* _TASK TO COMPLETE_
Pull out the lines from the one containing "L'Oréal Paris, Plump" through the final line of the listing below and repeat them exactly. Leave the pictures behind.
GIVEN INFORMATION: Begin
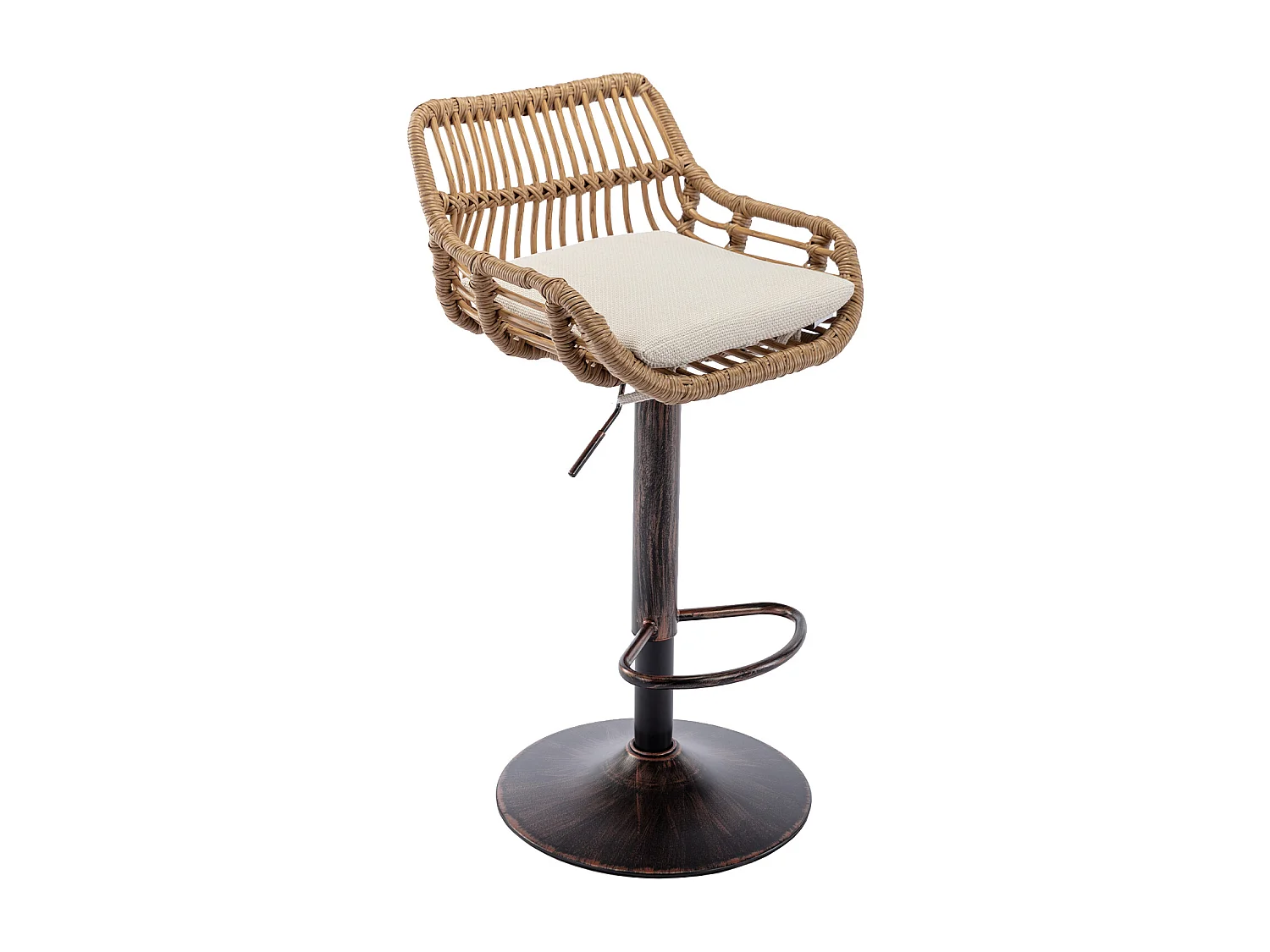 Lot de 2 Tabourets de Bar – Assise en Lin Beige – Base Métallique Marron – Design en Rotin – Confort Optimal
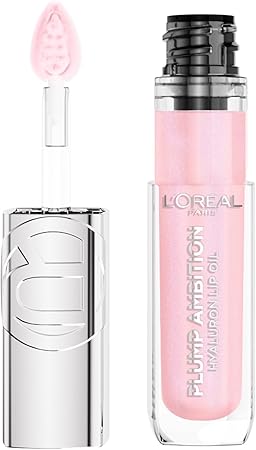 L'Oréal Paris, Plump Ambition lip oil para labios glossy, brillo labial voluminizador con ácido hialurónico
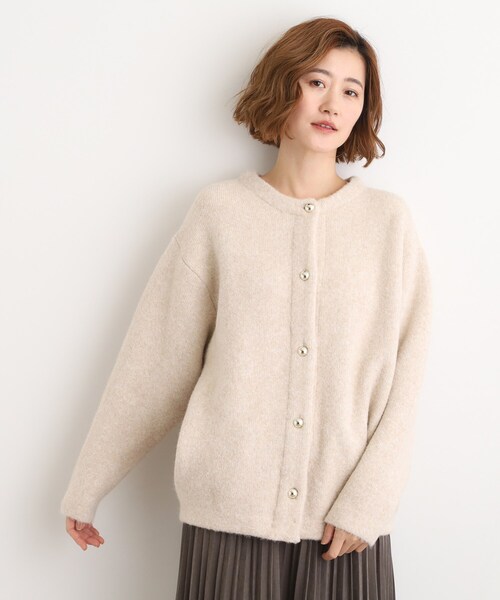 grove(グローブ)の「ふっくらやわらかく、毛混オーバーニットカーディガン(カーディガン/ボレロ・レディース・サックスブルー/チャコールグレー/ナチュラル・02/03/04/05)」の18枚目の写真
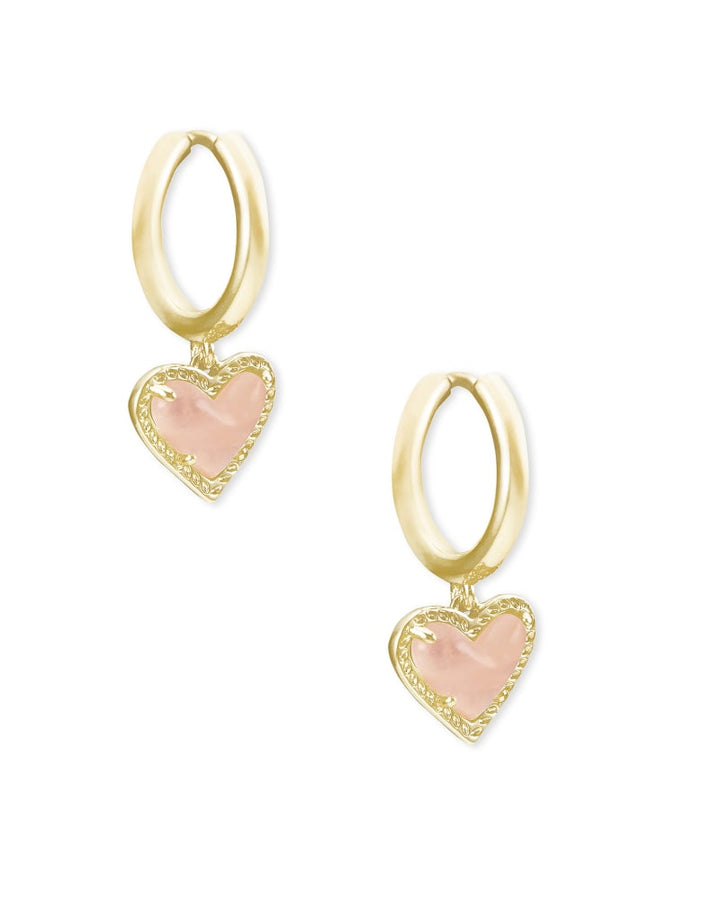 ARI HEART HUGGIE EARRINGS - GOLD ROSE QUARTZ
GIVEN INFORMATION: End
* _ANSWER BOX_
 L'Oréal Paris, Plump Ambition lip oil para labios glossy, brillo labial voluminizador con ácido hialurónico
 grove(グローブ)の「ふっくらやわらかく、毛混オーバーニットカーディガン(カーディガン/ボレロ・レディース・サックスブルー/チャコールグレー/ナチュラル・02/03/04/05)」の18枚目の写真
 ARI HEART HUGGIE EARRINGS - GOLD ROSE QUARTZ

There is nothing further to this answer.